PID Allocator Performance Results (was: Re: [UPDATE] new pid alloc...)

[David Schultz]

On Sun, Feb 08, 2004, Poul-Henning Kamp wrote:
> In message <20040208080630.GA14364 at VARK.homeunix.com>, David Schultz writes:
> >I spent some time today benchmarking the various proposed pid
> >allocators.  The full results, along with pretty pictures and a
> >more complete analysis, are at:
> >
> >	http://people.freebsd.org/~das/pbench/pbench.html  [1]
> 
> You _do_ realize that the difference between "tjr" and "net" in the
> bottom plot is not statistically significant ?
> 
> Stratification is visibly present from approx 1500 pids and up, and
> ends up being responsible for 1/3rd of the difference by the time
> you get to 5000 pids.
> 
> (The tell-tale sign here is that the two data sets both fall on two
> mostly straight lines in a random looking pattern, with practically
> no measurements hitting the interval between the two lines.)
> 
> If we assume the stratification has linearity with number of pids,
> which I think looks reasonable, and we read the right hand edge as
> half a second and the left hand edge as zero, we find:
> 
> 	    (.5 - 0) [second]
>   -------------------------------------- = 10 [nsec] / [iteration*pid]
>   10000 [iterations] * (5000 - 0) [pids]
> 
> 10nsec per operation is getting you into the territory of effective
> TSC-timecounter resolution, RAM access time, cache miss delays
> and all sorts of other hardware effects.

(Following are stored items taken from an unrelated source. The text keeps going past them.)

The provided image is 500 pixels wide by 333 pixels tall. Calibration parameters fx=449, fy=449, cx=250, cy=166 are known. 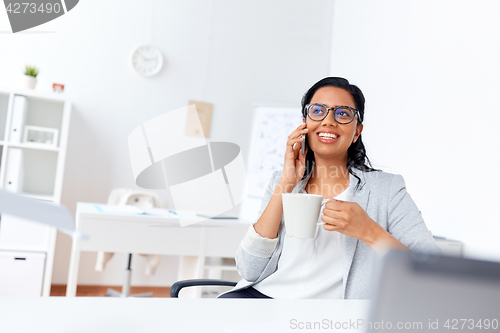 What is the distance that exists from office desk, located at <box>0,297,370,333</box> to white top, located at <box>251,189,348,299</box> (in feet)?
0.98

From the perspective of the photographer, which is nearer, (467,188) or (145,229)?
(467,188)

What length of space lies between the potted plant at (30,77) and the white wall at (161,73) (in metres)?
0.23

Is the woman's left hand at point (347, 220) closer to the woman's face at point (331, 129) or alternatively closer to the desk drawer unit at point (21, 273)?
the woman's face at point (331, 129)

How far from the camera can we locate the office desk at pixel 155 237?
276cm

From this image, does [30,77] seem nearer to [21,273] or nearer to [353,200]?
[21,273]

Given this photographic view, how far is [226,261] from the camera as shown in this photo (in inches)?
130

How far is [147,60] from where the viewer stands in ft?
13.5

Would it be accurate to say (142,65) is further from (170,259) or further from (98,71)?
(170,259)

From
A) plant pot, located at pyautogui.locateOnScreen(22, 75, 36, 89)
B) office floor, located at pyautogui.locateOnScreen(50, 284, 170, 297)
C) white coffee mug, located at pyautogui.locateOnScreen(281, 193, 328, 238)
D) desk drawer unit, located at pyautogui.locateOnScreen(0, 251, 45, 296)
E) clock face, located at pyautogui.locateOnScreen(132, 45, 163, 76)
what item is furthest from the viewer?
clock face, located at pyautogui.locateOnScreen(132, 45, 163, 76)

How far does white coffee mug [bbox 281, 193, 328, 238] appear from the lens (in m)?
0.99

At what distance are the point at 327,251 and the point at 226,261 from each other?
7.00 ft

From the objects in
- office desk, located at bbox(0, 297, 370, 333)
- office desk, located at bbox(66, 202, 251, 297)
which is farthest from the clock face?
office desk, located at bbox(0, 297, 370, 333)

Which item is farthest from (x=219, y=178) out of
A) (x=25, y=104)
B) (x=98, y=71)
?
(x=25, y=104)

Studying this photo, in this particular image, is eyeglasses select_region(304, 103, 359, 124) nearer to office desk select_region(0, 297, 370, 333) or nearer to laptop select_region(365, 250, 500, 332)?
office desk select_region(0, 297, 370, 333) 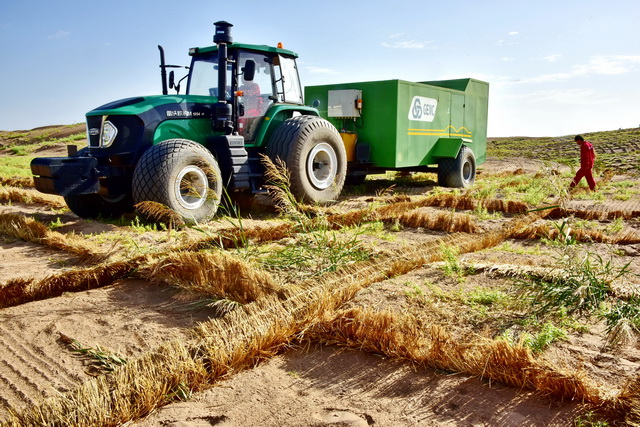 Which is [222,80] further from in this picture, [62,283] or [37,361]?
[37,361]

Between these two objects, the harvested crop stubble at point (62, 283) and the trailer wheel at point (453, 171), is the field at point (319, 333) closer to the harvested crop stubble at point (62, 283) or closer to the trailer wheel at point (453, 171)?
the harvested crop stubble at point (62, 283)

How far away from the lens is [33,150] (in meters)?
22.1

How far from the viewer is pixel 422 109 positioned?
32.4 ft

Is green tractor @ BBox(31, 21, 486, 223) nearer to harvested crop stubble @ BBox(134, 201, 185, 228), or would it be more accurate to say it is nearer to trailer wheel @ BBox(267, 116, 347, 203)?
trailer wheel @ BBox(267, 116, 347, 203)

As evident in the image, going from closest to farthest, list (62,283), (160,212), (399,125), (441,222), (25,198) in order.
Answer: (62,283) → (160,212) → (441,222) → (25,198) → (399,125)

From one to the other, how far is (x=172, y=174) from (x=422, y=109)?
5.57 meters

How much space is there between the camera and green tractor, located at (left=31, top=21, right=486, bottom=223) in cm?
589

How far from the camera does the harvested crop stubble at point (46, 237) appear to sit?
→ 4.52 metres

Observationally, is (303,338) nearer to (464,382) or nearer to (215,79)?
(464,382)

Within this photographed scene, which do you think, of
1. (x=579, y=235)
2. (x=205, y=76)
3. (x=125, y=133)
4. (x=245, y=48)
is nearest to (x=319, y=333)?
(x=579, y=235)

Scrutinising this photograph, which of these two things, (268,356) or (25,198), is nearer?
(268,356)

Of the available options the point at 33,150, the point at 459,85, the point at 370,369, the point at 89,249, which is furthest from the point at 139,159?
the point at 33,150

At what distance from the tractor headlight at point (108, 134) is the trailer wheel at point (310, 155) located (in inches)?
79.1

To avoid jitter and timestamping overhead, I read the time only at
the start and end of the entire sequence of 10000 operations.
I obtained the sample variance by running the entire test three
times, i.e.

	for (pass = 0; pass < 3; pass++) {
		for (nprocs = 100; nprocs < 5000; nprocs++) {
			set up the test, fork the sleepers;
			take starting timestamp;
			for (iter = 0; iter < 10000; iter++)
				run test;
			take ending timestamp;
		}
	}

Nevertheless, you're definitely right about the stratification.
I'm not sure how to explain that.  My best theory is that there's
some confounding factor, such as the pageout daemon waking up,
that has a constant overhead.  If you look at the original
samples, there's always two that are normal and one outlier.  More
samples would probably correct for this, and if I were running the
benchmark again, I would have done more iterations of the outer
loop in the pseudocode above and fewer of the inner loop.

> So all in all, I would say that you have proven that "tjr" and "net"
> are better than "old", but not that there is any statistically
> significant performance difference between them.

Yes, I realize that.  I took 10 more samples of 10000 forks each
with 5000 sleeping processes in the background and got the
following:

tjr:
1.130558492
1.125901197
1.144079485
1.118981882
1.131435699
1.123052511
1.133321135
1.121301171
1.133015788
1.124377539

net:
1.116848091
1.119333603
1.117941526
1.121989527 (got an outlier (2.547301682) here, so I reran this test)
1.118023912
1.110658198
1.126021045
1.106436712
1.116406694
1.100889638

This data show a difference at the 95% confidence level, namely,
that the NetBSD algorithm is about 1% faster on a system with 5000
processes (and only 0.1% faster if you're looking at the total
overhead of fork() rather than vfork().)  I think that pretty much
rules out performance as the deciding factor between the two.